Women’s experiences of Domestic Violence and Abuse

Sophie

Age at interview: 49

Brief outline: Sophie describes her ex-husband as a ‘clever’ and ‘charming’ man. However, since their four year marriage ended nearly five years ago, she has been able to recognise that her relationship to him was abusive from the very beginning; that he is a ‘manipulative’ and ‘parasitic’ individual and that she was just ‘a resource for him’.

Background: Sophie is a well-educated, single white woman who lives with her two children (aged eight and eighteen years at the time of the interview) in their privately owned home. She is a full-time carer to her youngest child, who lives with a neurological condition.

Audio & video

For four years, Sophie was in an emotionally abusive marriage to a man who told her constant lies, about: who he was, what he did, his finances and relationships. Whilst she was struggling to buy basic necessities, he would be spending thousands of pounds on the latest gadgets and top of the range vehicles. He monitored her whereabouts and was resistant to her leaving the house alone; something which made Sophie feel like she was living in a prison. Having recently relocated to a new area, Sophie was already distanced from her social network. However, his ‘prickly’ and ‘argumentative’ behaviour around her family served to reduce her contact with them, and further increase her social isolation. He also began to monitor her phone calls, check who she had called and would call her repeatedly in the day when he was out to monitor her activity and movements. During the marriage, her husband sexually assaulted her on several occasions. Sophie also became concerned about his behaviour around the children and his use of the children and childcare to manipulate and control her.
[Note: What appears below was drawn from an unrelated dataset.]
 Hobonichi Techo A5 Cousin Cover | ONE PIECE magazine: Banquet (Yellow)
Sophie describes how her husband would blame her for his actions. This led her to feel ashamed and vulnerable, and to question whether his behaviour was her fault. Towards the end of the relationship Sophie’s physical health also started to suffer. She was exhausted and so weak that she could barely stand. 
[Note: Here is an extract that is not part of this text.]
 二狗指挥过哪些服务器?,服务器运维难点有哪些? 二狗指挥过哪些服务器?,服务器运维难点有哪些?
In December 2010, whilst her husband was away from home on holiday, Sophie went online and completed an application for divorce. She had come to realise that he would never change and that the abuse would only get worse. She no longer wanted him in the house and when he returned she asked him to leave. As a result of his aggressive behaviour and reaction to her request (e.g. shouting at her, hitting furniture and walls), Sophie called for the assistance of the police. She praises the support that she received from them, and was reassured by the visiting officer’s calm and pragmatic reaction to her situation. 
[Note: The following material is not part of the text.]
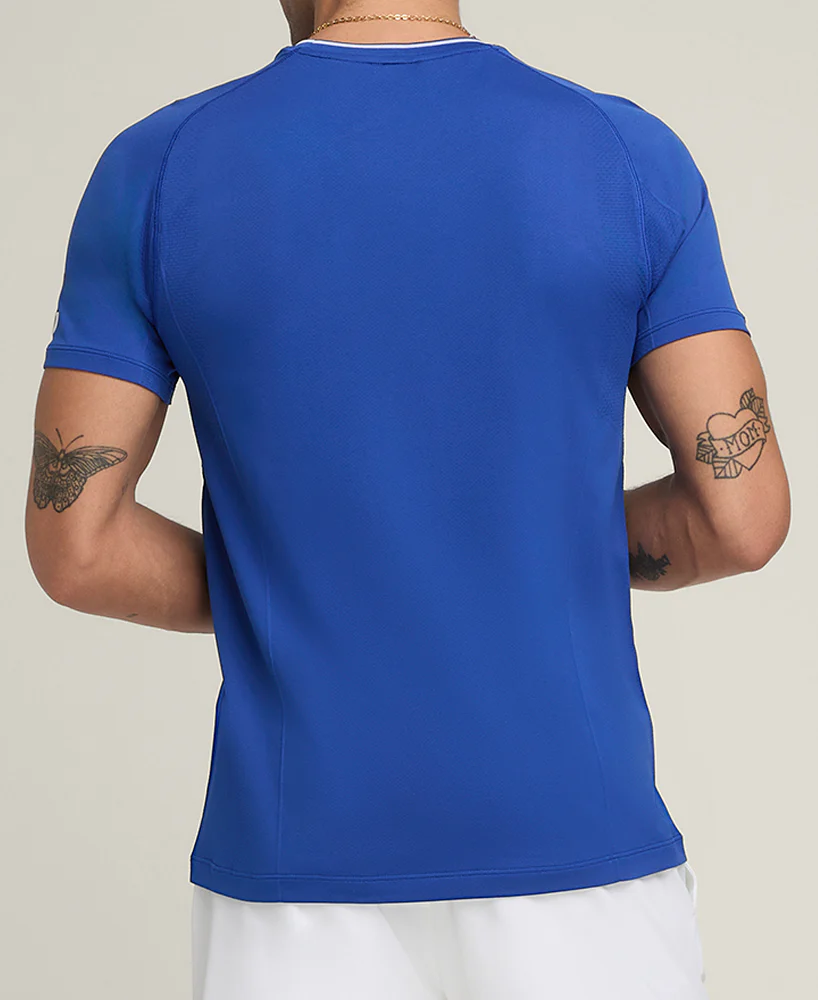Wilson Team Seamless Crew Tee - Royal Blue - Image 3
The police referred Sophie to a specialist domestic abuse service. She was allocated a keyworker who helped her to realise that she was not to blame for her husband’s behaviour. She was also encouraged to attend the Pattern Changing course (a 14-week course for women who have been affected by domestic abuse). Accessing these specialist services entailed considerable travel for Sophie, as living in a rural location meant that local provision was not available. 

As a result of the abuse that she endured, Sophie’s sense of trust in people has been destroyed. She remains fearful of her ex-husband, describing him as a ‘stalker’. Although a court order now keeps him away from her home she still receives unwanted emails from him every few months. 

Sophie suggests that health professionals need to receive adequate training in domestic violence. She thinks that they should be taught to leave their personal attitudes and prejudices outside of their working practices, and to realise that ‘nobody deserves’ to experience domestic abuse.

Sophie wants to encourage other women living in abusive relationships to find the courage to get out, that although it won’t necessarily be easy, that they ‘can do it’.